Directory for the Ministry and Life of Permanent Deacons
The service of deacons in the Church is documented from apostolic times. A strong tradition, attested already by St Ireneus and influencing the liturgy of ordination, sees the origin of the diaconate in the institution of the “seven” mentioned in the Acts of the Apostles (6:1-6). Thus, at the initial grade of sacred hierarchy are deacons, whose ministry has always been greatly esteemed in the Church. St. Paul refers to them and to the bishops in the exordium of his Epistle to the Philippians (cf. Phil 1:1), while in his first Epistle to Timothy he lists the qualities and virtues which they should possess so as to exercise their ministry worthily (cf. 1 Tim 3:8-13).
From its outset, patristic literature witnesses to this hierarchical and ministerial structure in the Church, which includes the diaconate. St Ignatius of Antioch considers a Church without bishop, priest or deacon, unthinkable. He underlines that the ministry of deacons is nothing other than “the ministry of Jesus Christ, who was with the Father before time began and who appeared at the end of time”. They are not deacons of food and drink but ministers of the Church of God….
Up to the fifth century the Diaconate flourished in the western Church, but after this period, it experienced, for various reasons, a slow decline which ended in its surviving only as an intermediate stage for candidates preparing for priestly ordination.
The Council of Trent disposed that the permanent Diaconate, as it existed in ancient times, should be restored, in accord with its proper nature, to its original function in the Church.
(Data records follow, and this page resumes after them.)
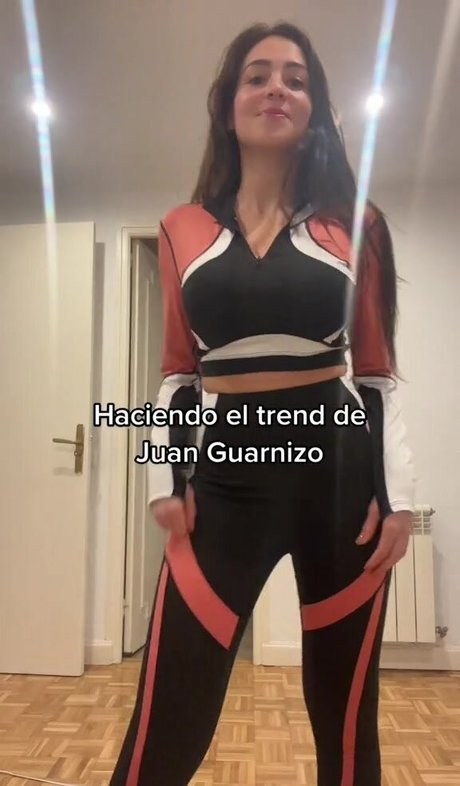 ママの足OnlyFans ヌード 写真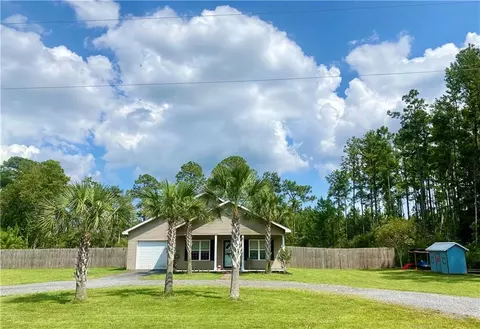 1718 Poppell Farms Dr, Darien, GA 31305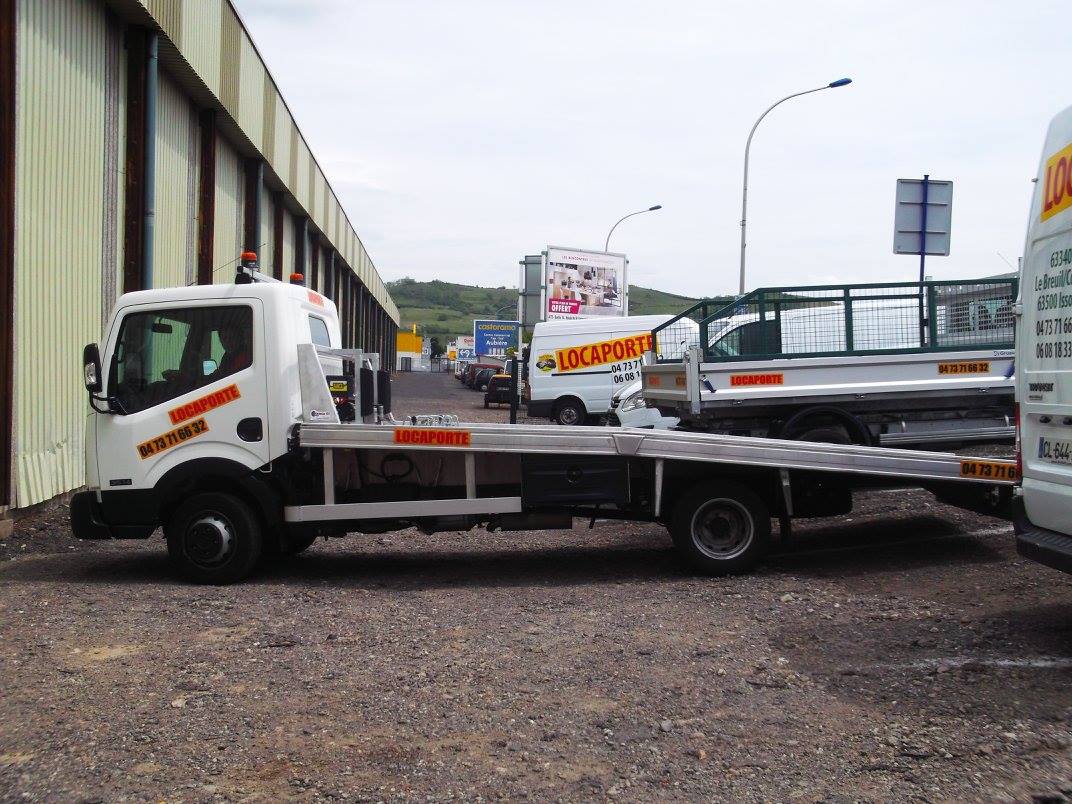 Louez un plateau porte-voiture à Toulon - Transport facile et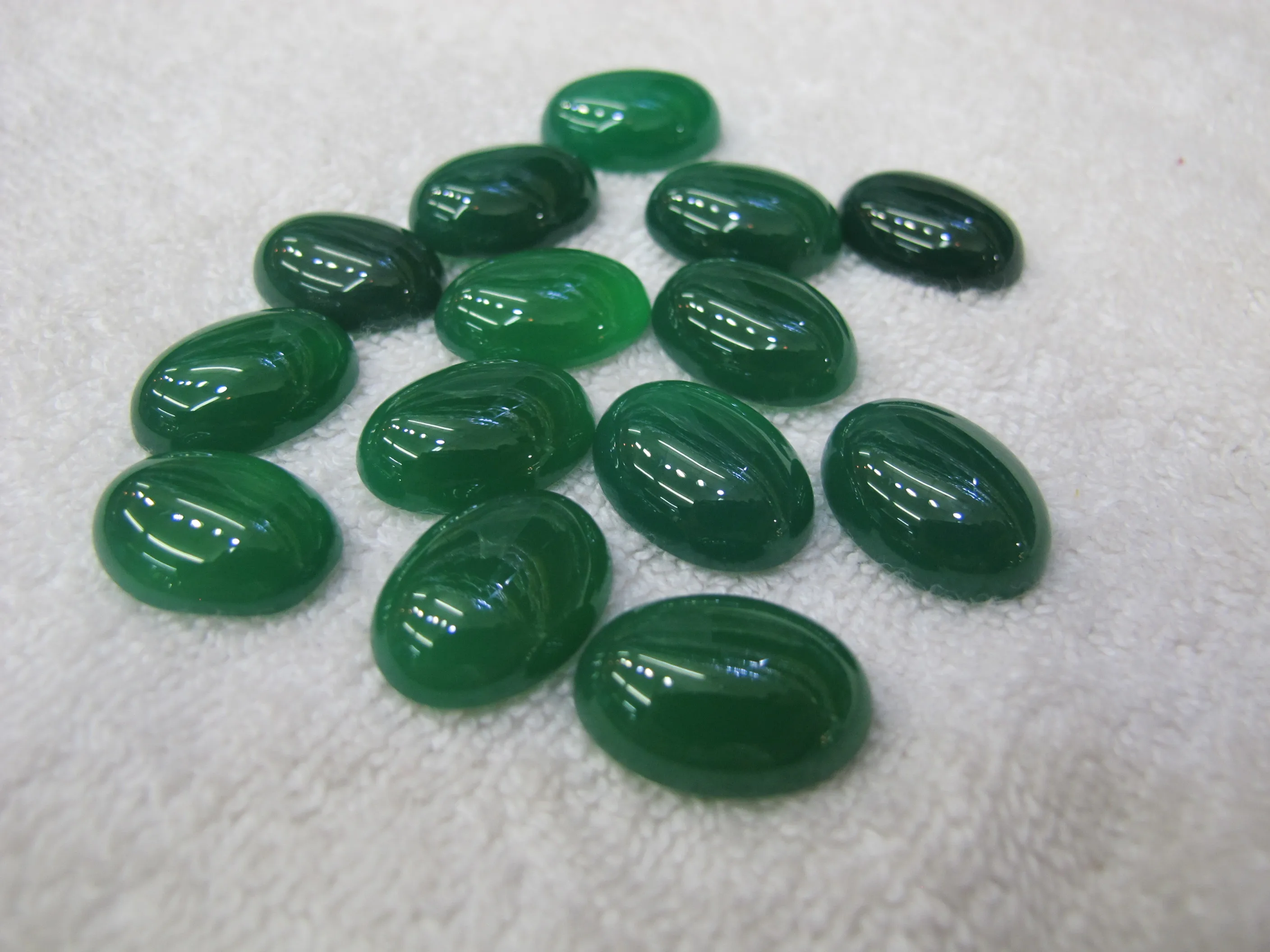 

Wholesale 10pcs/lot Green Agates Carnelian Bead Cabochon 10x14mm Oval stone Jewelry Cabochon bead Ring Face for Jewelry ring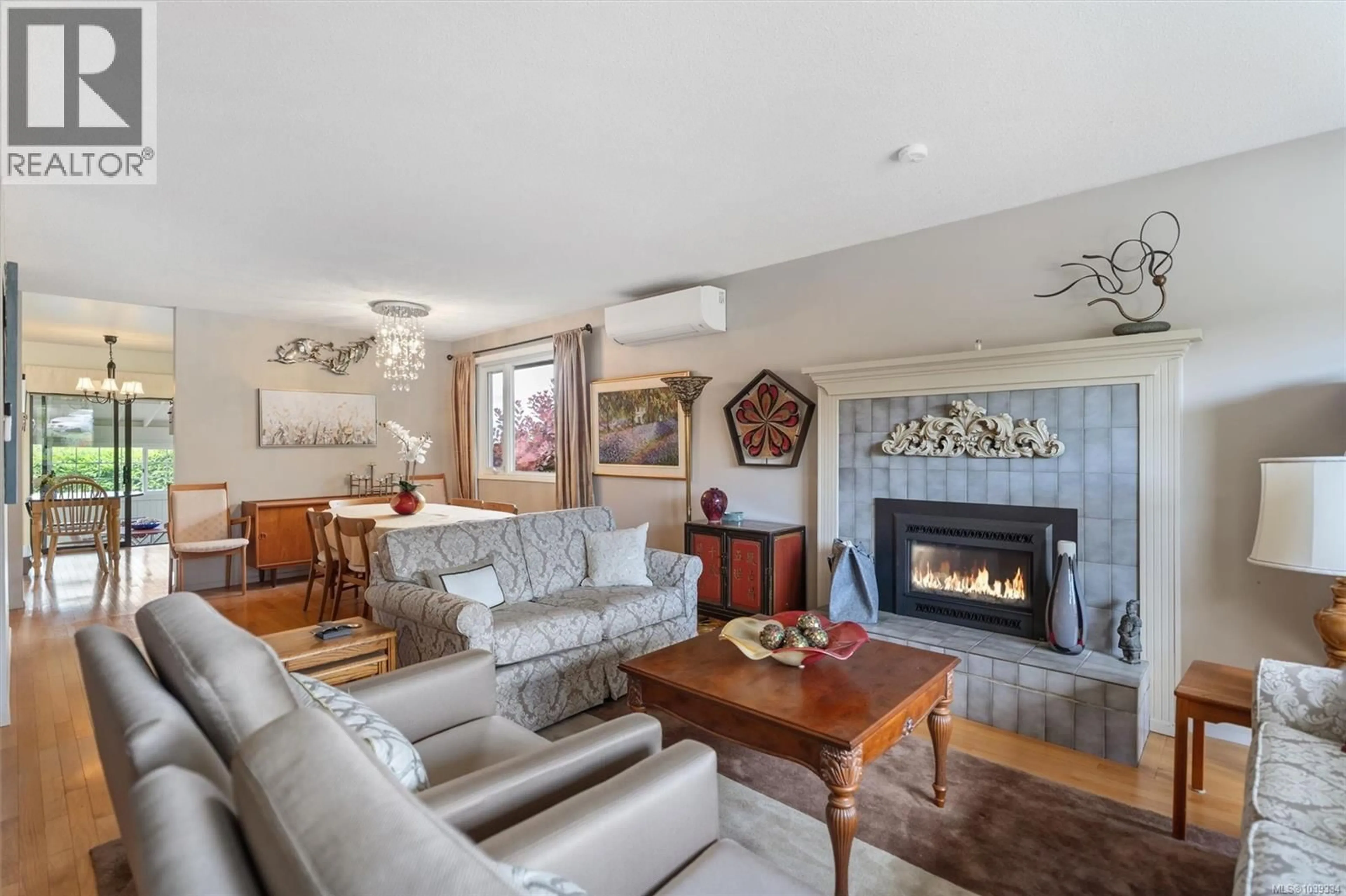 Living room with furniture, unknown for 4252 PANORAMA DRIVE, Saanich British Columbia V8X4X6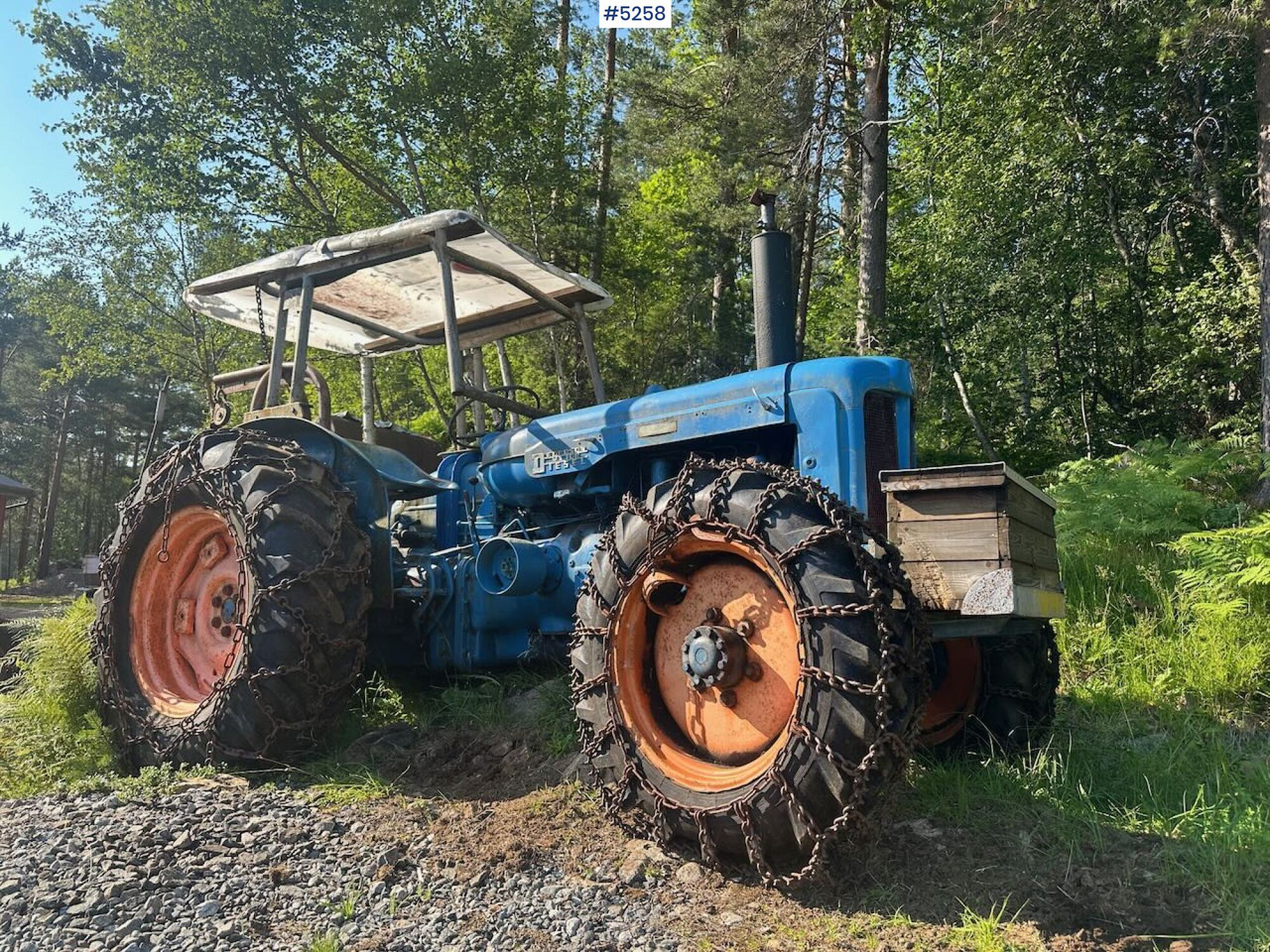 1963 Fordson Major 4x4 with splitter gearbox, Ako winch, and tire chains. SEE VIDEO. - Трактор: слика 2 1963 Fordson Major 4x4 with splitter gearbox, Ako winch, and tire chains. SEE VIDEO. - Трактор: слика 2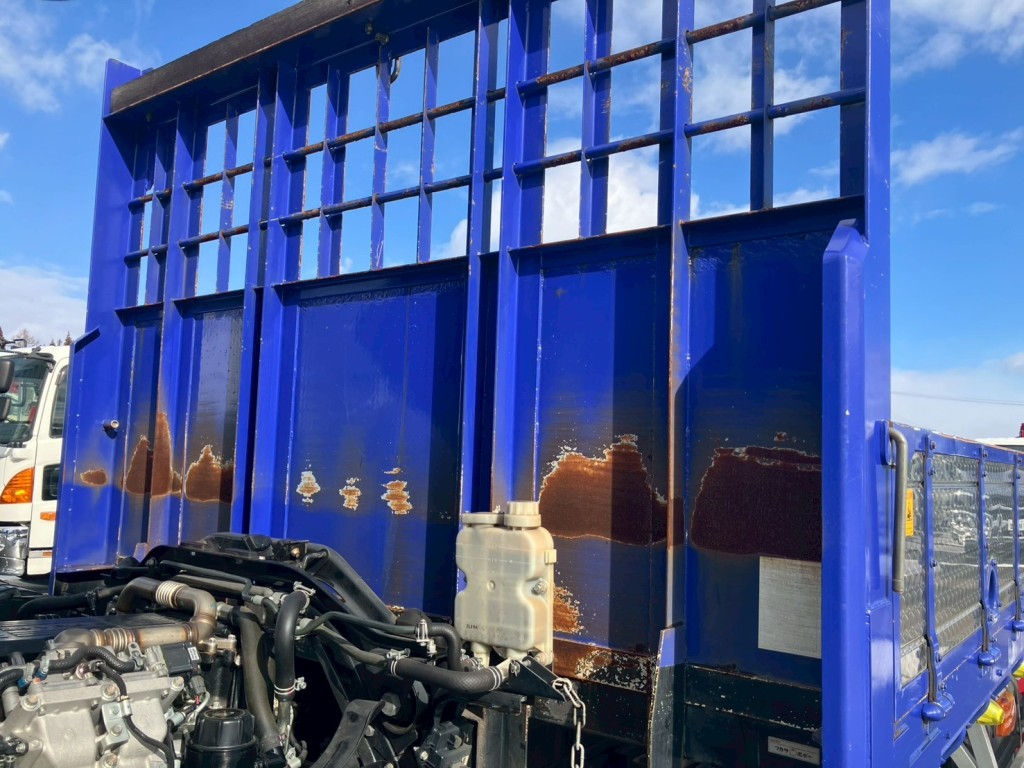 外側プロテクターにサビがあります。|三菱 ファイター 2KG-FK62FZの写真31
This prescription, however, was not carried into effect.
The second Vatican Council established that “it will be possible for the future to restore the diaconate as a proper and permanent rank of the hierarchy … (and confer it) even upon married men, provided they be of more mature age, and also on suitable young men for whom, however, the law of celibacy must remain in force”, in accordance with constant tradition. Three reasons lay behind this choice: (i) a desire to enrich the Church with the functions of the diaconate, which otherwise, in many regions, could only be exercised with great difficulty; (ii) the intention of strengthening with the grace of diaconal ordination those who already exercised many of the functions of the Diaconate; (iii) a concern to provide regions, where there was a shortage of clergy, with sacred ministers….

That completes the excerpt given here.